*YOUR OBJECTIVE*
Only the lines below from the one containing "Rubber door seals" to the one containing "Cottonee Poke Ball" should be repeated, both included and unchanged.

Brief descriptive captions:
#####
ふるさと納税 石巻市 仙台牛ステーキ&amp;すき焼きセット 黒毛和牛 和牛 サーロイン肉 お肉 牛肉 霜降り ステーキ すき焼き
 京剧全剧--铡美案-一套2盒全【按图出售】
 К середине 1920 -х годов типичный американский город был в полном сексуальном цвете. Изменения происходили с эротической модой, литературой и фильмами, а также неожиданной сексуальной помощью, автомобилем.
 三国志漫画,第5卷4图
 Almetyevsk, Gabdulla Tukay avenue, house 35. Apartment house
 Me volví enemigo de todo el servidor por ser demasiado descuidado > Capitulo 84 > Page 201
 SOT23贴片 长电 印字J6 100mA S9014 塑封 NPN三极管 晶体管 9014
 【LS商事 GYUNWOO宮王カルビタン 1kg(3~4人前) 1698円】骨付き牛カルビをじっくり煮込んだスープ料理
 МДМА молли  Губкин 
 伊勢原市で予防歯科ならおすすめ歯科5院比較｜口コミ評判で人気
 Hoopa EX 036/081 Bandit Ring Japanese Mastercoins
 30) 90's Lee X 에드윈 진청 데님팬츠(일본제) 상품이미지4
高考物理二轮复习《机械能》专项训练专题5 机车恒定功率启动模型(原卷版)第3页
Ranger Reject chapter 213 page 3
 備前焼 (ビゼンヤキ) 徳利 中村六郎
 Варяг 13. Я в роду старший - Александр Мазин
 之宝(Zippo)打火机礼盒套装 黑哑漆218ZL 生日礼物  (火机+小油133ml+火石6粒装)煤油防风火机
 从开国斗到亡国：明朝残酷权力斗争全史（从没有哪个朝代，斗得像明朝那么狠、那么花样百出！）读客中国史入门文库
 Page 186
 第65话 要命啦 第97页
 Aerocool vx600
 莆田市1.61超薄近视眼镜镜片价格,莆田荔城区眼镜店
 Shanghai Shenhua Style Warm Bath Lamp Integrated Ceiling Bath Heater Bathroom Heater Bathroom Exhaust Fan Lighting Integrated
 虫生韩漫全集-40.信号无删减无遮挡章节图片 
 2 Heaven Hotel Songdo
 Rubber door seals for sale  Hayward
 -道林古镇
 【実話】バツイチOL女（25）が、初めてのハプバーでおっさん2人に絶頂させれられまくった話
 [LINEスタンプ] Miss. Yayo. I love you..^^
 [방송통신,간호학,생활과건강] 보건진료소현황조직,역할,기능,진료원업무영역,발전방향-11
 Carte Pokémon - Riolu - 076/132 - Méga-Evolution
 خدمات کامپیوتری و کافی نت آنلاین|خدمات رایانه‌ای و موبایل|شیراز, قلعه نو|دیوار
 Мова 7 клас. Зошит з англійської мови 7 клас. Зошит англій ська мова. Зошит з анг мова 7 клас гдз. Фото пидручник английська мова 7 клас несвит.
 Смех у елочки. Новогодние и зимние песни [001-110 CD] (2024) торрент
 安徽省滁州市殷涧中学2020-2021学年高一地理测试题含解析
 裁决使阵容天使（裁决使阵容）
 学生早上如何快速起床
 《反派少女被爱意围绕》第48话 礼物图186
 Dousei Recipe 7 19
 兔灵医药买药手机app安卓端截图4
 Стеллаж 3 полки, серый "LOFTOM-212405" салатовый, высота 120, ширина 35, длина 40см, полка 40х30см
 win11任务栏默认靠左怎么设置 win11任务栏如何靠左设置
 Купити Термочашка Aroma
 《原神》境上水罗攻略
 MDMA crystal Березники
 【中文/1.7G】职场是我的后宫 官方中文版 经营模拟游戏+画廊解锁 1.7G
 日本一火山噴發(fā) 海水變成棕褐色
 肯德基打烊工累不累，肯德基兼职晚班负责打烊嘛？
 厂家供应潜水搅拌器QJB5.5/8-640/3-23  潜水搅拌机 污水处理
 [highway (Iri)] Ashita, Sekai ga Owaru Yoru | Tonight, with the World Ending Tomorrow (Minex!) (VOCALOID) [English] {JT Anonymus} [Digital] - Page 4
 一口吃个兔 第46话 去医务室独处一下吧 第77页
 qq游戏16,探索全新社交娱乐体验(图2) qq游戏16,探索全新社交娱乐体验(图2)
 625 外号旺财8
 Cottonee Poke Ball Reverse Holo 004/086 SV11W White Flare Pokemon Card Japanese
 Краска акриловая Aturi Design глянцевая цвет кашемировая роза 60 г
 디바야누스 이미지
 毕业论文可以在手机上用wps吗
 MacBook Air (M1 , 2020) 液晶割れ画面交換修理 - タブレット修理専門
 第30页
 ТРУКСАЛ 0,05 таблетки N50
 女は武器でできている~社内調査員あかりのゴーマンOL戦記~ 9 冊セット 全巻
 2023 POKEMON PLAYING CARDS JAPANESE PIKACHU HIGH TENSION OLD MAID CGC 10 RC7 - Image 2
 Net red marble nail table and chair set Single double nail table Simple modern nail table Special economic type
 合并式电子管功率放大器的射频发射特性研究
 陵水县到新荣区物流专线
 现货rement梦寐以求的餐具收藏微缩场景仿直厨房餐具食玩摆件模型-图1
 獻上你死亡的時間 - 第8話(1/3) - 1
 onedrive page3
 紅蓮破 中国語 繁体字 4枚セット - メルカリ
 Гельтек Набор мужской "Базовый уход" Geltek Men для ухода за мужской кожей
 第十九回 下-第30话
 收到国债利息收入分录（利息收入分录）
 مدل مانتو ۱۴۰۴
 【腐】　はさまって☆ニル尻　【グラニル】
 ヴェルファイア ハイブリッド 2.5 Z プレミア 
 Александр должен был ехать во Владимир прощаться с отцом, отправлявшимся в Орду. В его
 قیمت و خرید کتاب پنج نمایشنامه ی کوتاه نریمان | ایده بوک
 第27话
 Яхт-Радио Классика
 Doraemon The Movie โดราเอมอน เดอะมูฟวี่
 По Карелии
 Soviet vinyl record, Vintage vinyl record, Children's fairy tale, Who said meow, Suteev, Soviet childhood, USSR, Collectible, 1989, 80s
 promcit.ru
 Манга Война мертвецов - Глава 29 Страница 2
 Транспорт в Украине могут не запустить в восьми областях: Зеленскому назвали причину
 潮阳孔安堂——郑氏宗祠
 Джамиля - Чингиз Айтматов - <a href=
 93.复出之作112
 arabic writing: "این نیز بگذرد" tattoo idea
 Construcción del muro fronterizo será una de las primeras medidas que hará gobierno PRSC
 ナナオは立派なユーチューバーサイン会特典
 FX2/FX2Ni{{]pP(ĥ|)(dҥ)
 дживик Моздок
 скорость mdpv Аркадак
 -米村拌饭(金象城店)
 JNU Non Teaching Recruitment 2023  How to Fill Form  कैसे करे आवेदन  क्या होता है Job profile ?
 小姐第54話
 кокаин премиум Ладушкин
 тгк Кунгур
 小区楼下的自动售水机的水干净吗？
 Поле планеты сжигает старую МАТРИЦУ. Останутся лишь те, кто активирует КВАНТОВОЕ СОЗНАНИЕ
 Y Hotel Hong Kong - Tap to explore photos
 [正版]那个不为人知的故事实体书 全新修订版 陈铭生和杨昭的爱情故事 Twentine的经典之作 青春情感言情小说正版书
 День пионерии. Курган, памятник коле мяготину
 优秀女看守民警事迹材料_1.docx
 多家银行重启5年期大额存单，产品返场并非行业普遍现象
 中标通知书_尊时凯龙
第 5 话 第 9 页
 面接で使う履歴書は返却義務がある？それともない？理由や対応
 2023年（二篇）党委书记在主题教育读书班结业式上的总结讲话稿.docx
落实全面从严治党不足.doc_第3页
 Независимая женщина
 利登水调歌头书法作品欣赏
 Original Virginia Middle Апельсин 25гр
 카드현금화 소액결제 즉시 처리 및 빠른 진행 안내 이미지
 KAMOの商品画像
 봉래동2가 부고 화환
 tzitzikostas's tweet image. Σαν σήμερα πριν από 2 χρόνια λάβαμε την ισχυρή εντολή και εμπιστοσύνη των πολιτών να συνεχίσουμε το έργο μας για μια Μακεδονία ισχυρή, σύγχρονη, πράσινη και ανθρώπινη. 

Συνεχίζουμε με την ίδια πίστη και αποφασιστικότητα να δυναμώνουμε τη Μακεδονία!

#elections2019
#####
*RESPONSE AREA*
 Rubber door seals for sale  Hayward
 -道林古镇
 【実話】バツイチOL女（25）が、初めてのハプバーでおっさん2人に絶頂させれられまくった話
 [LINEスタンプ] Miss. Yayo. I love you..^^
 [방송통신,간호학,생활과건강] 보건진료소현황조직,역할,기능,진료원업무영역,발전방향-11
 Carte Pokémon - Riolu - 076/132 - Méga-Evolution
 خدمات کامپیوتری و کافی نت آنلاین|خدمات رایانه‌ای و موبایل|شیراز, قلعه نو|دیوار
 Мова 7 клас. Зошит з англійської мови 7 клас. Зошит англій ська мова. Зошит з анг мова 7 клас гдз. Фото пидручник английська мова 7 клас несвит.
 Смех у елочки. Новогодние и зимние песни [001-110 CD] (2024) торрент
 安徽省滁州市殷涧中学2020-2021学年高一地理测试题含解析
 裁决使阵容天使（裁决使阵容）
 学生早上如何快速起床
 《反派少女被爱意围绕》第48话 礼物图186
 Dousei Recipe 7 19
 兔灵医药买药手机app安卓端截图4
 Стеллаж 3 полки, серый "LOFTOM-212405" салатовый, высота 120, ширина 35, длина 40см, полка 40х30см
 win11任务栏默认靠左怎么设置 win11任务栏如何靠左设置
 Купити Термочашка Aroma
 《原神》境上水罗攻略
 MDMA crystal Березники
 【中文/1.7G】职场是我的后宫 官方中文版 经营模拟游戏+画廊解锁 1.7G
 日本一火山噴發(fā) 海水變成棕褐色
 肯德基打烊工累不累，肯德基兼职晚班负责打烊嘛？
 厂家供应潜水搅拌器QJB5.5/8-640/3-23  潜水搅拌机 污水处理
 [highway (Iri)] Ashita, Sekai ga Owaru Yoru | Tonight, with the World Ending Tomorrow (Minex!) (VOCALOID) [English] {JT Anonymus} [Digital] - Page 4
 一口吃个兔 第46话 去医务室独处一下吧 第77页
 qq游戏16,探索全新社交娱乐体验(图2) qq游戏16,探索全新社交娱乐体验(图2)
 625 外号旺财8
 Cottonee Poke Ball Reverse Holo 004/086 SV11W White Flare Pokemon Card Japanese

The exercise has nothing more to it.